_Information provided_:
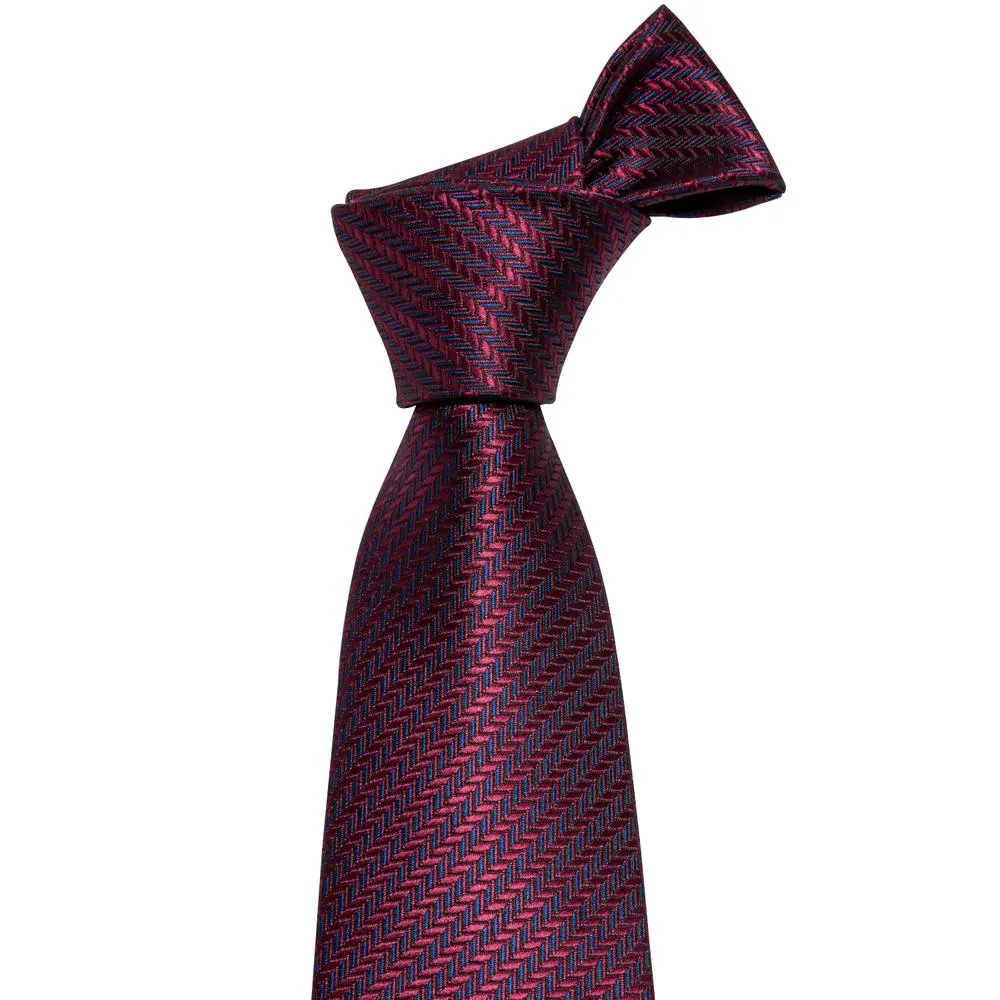 Classic Dark Red Striped Silk Necktie Pocket Square Cufflinks Set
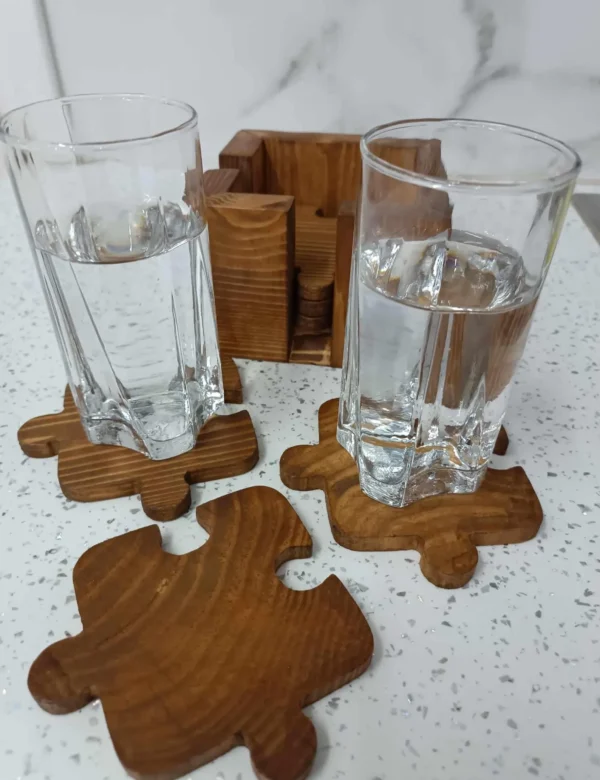 Set Of 6 Handmade Wooden Puzzle Coasters Rustic Eco Friendly Drink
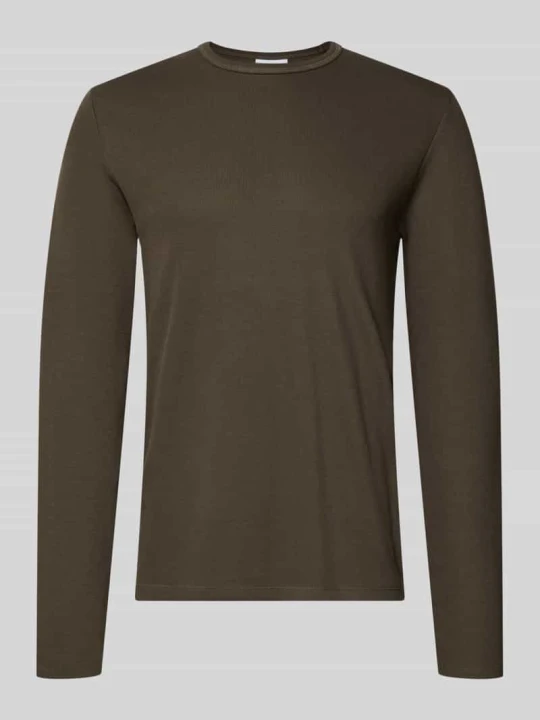 Zdjęcie produktu bluzka z długim rękawem o kroju regular fit z czystej bawełny model 'Basic' lindbergh Khaki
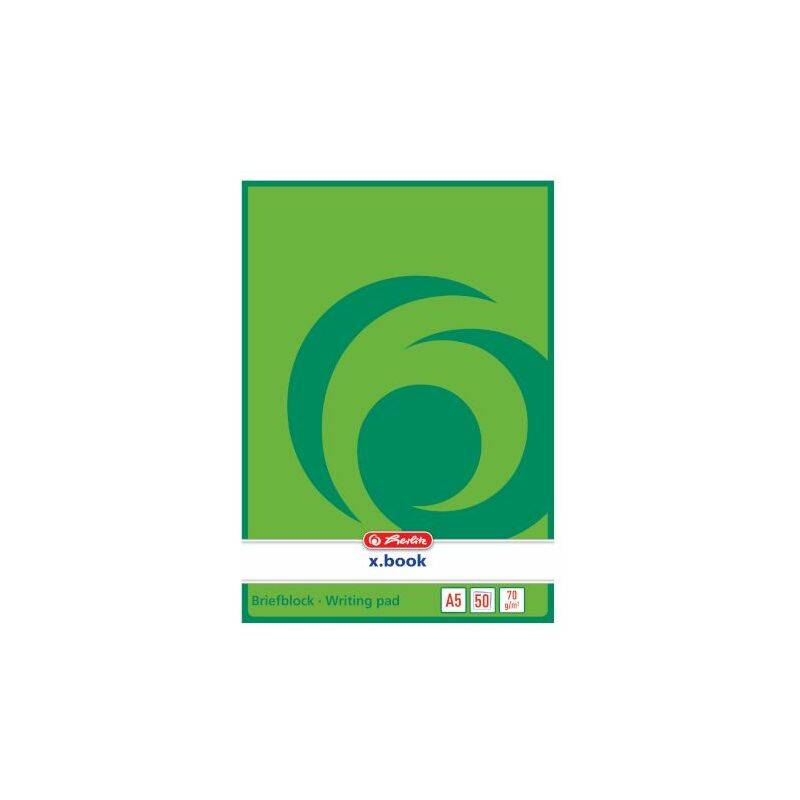 herlitz Briefblock x.book, A5, ungelocht, 50 Blatt, blanko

_Assignment_: Only the pictures are to be left out; write out all the other data exactly.

_Expected output_:
 Classic Dark Red Striped Silk Necktie Pocket Square Cufflinks Set
 Set Of 6 Handmade Wooden Puzzle Coasters Rustic Eco Friendly Drink
 Zdjęcie produktu bluzka z długim rękawem o kroju regular fit z czystej bawełny model 'Basic' lindbergh Khaki
 herlitz Briefblock x.book, A5, ungelocht, 50 Blatt, blanko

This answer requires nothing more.